Data scientist positions are expected to grow 19% over the next decade, according to a recent report from Burning Glass, which collects and analyzes millions of job postings from across the country. With data increasingly becoming the lifeblood of all organizations, data scientists need to be equipped not only with the right technical skills, but a robust dose of business acumen as well.
Machine Learning/Neural Networks
In 2021, machine learning methods like transfer learning and transformers are drawing a lot of attention because they are rapidly driving innovation in a number of different spaces. For building and training neural networks, PyTorch has a lot of momentum behind it, and Keras and TensorFlow are also commonly used.
There is also a rich ecosystem of software libraries, many open source, that can help accelerate machine learning and data science applications.
“Data scientists can make themselves attractive by demonstrating deep intuition into why and how machine learning algorithms work, which is important for working through challenges that inevitably arise during training and testing,” said Matthew Silver, senior director of data science at Vectra, an AI threat detection and response specialist company. “ONNX, a neural networks standard that facilitates platform, library, and language independent model deployment, helped us streamline our use of AI in production and accelerate our modeling work.”
“Data scientists who are able to walk on the job and start using common software libraries to build models right away are the most competitive, and strong software development skills are a plus in almost all cases,” Silver said.
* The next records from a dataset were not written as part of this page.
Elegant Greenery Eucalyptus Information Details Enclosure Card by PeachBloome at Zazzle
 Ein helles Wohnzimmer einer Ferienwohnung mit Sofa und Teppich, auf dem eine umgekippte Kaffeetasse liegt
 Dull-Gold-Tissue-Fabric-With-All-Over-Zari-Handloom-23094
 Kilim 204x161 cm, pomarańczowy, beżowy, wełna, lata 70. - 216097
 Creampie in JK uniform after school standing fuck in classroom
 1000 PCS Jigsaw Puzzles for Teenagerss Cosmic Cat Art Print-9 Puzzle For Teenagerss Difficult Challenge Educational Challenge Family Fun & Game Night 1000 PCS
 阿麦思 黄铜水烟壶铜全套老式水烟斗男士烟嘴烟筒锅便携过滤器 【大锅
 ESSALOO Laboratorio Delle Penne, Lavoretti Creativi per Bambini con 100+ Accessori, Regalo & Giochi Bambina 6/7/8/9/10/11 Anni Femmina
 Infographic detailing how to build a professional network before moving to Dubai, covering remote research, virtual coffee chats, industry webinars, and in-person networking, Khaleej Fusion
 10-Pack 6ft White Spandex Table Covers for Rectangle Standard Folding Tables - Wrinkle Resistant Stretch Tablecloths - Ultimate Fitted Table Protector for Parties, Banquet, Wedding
Data scientists with an understanding of cloud engineering principles and cloud infrastructure are attractive to many employers. That means getting comfortable with one of the big three public cloud providers -- Microsoft, Amazon Web Services, or Google. Each offers a comprehensive set of tools for data scientists for data extraction, data cleansing, visualization, and machine learning purposes.
“I personally look for data scientists familiar with cloud infrastructure, CI/CD pipelines, and automation,” said Phillip Gates-Idem, chief architect at JupiterOne, a provider of cyber asset management and governance solutions. “Data scientists need to have a firm understanding of how to build and utilize tools with cloud infrastructure.”
Statistics, a field of mathematics which seeks to collect and interpret quantitative data using models and representations for a given set of data, is at the core of data science and includes concepts like probability, variability, regression and central tendency.
“If you don’t have an in-depth knowledge of statistics -- the heart of data science -- and how to apply sound mathematical reasoning to the problems you’re working on, then I don’t care how many platforms or languages you can list on your resume,” said Lars Kemmann, principal architect at IT consulting firm Netrix. “I think that’s a challenge in the industry right now -- we get lots of resumes from people who haven’t done the hard work to internalize the scientific method.”
Because data science projects can involve long exploration phases, as well as multiple unknowns even late into the game, project management is another key skill for data scientists to have. Adopting an agile methodology, for example, allows data scientists to prioritize and create roadmaps based on requirements and goals.
“It’s often very difficult to predict how long it will take to develop and train a machine learning model, and businesses waiting on updated models or results will often have timelines and planning that suffer due to this unpredictability,” Silver explained. “Data scientists who are able to take ownership over major modeling efforts by understanding limitations from the outset, conveying project status as efforts progress, and predicting when they’ll be able to offer the next meaningful readout, play an important role in our team.”
While the organization’s data may hold remarkable amounts of potential value, no value can be created unless you can uncover those insights and then translate them into actions or business outcomes. Plotly, Tableau, and D3 are among the top data science visualization and storytelling tools in demand today.
“When your client doesn’t understand what you are doing, it’s easy for them to undervalue the work you are putting in, especially in the data prep phase,” Kemmann said. “Clearly explaining the process and the benefits of each step, in a language that your audience can relate to, and supported where possible by appropriate data visualizations, is a key part of your role.”
Data scientists now have more opportunities than ever before to be “hands on” with the data, but that requires a strong understanding of business objectives and the ability to communicate tech jargon clearly. The data scientists that can translate the data into useful terms are the people that are going to be able to add that extra value.
“Being able to translate that data into clean, digestible business information is going to be a huge skill, and data scientists don’t always have those soft skills, or the experience of sitting in a room of executives and be able to clarify their decision-making process,” said Joshua Drew, regional manager at IT staffing firm Robert Half Technology.